“VIERON
AL NIÑO Y POSTRÁNDOSE LO ADORARON” Mateo 2:11
Nació
en el lugar más humilde, pero los cielos resonaron con los cánticos
de los ángeles.
Nació
en un establo, sin embargo una estrella trajo a ricos y nobles desde
miles de kilómetros de distancia
para adorarlo.
Su
nacimiento fue en contra de las leyes de la vida y su muerte
contraria a las leyes de la muerte; sin embargo no existen milagros
más grandes que su nacimiento, su vida, su resurrección
y sus enseñanzas.
No
era dueño de campos de trigo, ni de pescaderías, pero a pesar de
ello alimentó a cinco mil personas y aún
sobraron panes y peces.
Nunca
sus pies pisaron lujosas moquetas, pero caminó por las aguas y éstas
lo sostuvieron.
Su
crucifixión fue el crimen de los crímenes, y sin embargo a los ojos
de Dios, ése era el único precio suficiente para hacer posible
nuestra
redención.
Cuando
murió, pocos lo lloraron, pero Dios puso un velo negro delante del
sol para oscurecerlo.
Los
que lo crucificaron no temblaron ante lo que estaban haciendo, pero
la tierra se estremeció
bajo sus pies.
El
pecado no pudo tocarlo. La corrupción no pudo deshacer su cadáver.
La
tierra enrojecida por su sangre no pudo atrapar el polvo de su
cuerpo.
Predicó
el evangelio durante tres años.
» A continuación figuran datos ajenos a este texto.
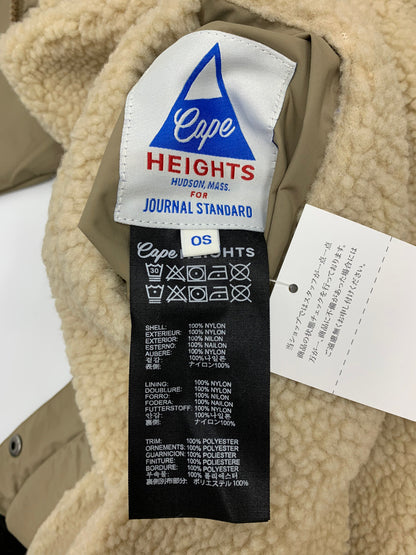 ケープハイツ JOURNAL STANDARD別注 リバーシブルHOODコート OS ベージュ ITY6WV2WW444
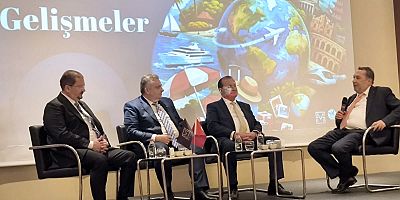 TURİZMDE KÜRESEL GELİŞMELER İZMİR’DE MASAYA YATIRILDI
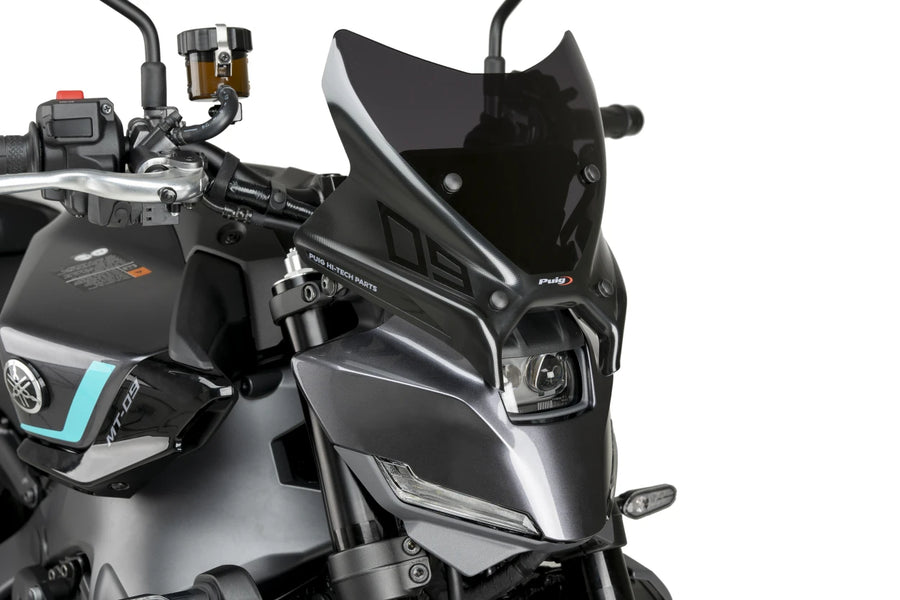 YAMAHA MT-09 Y-AMT [2024] – New Generation Sport – Heavily tinted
No escribió ningún libro, no creó
ninguna organización ni tuvo sede social. A pesar de todo, dos mil
años más tarde, Él sigue siendo la figura central de la historia
humana, el tema constante de toda predicación, el eje sobre el cual
giran las edades y el único Redentor de la raza humana.
En
estos días de celebraciones y de regalos, unámonos a los sabios
reyes del oriente, quienes “vieron
al niño” y postrándose lo adoraron” (Mateo 2:11).
¡No olvidemos nunca que la Navidad sólo tiene que ver con Jesús!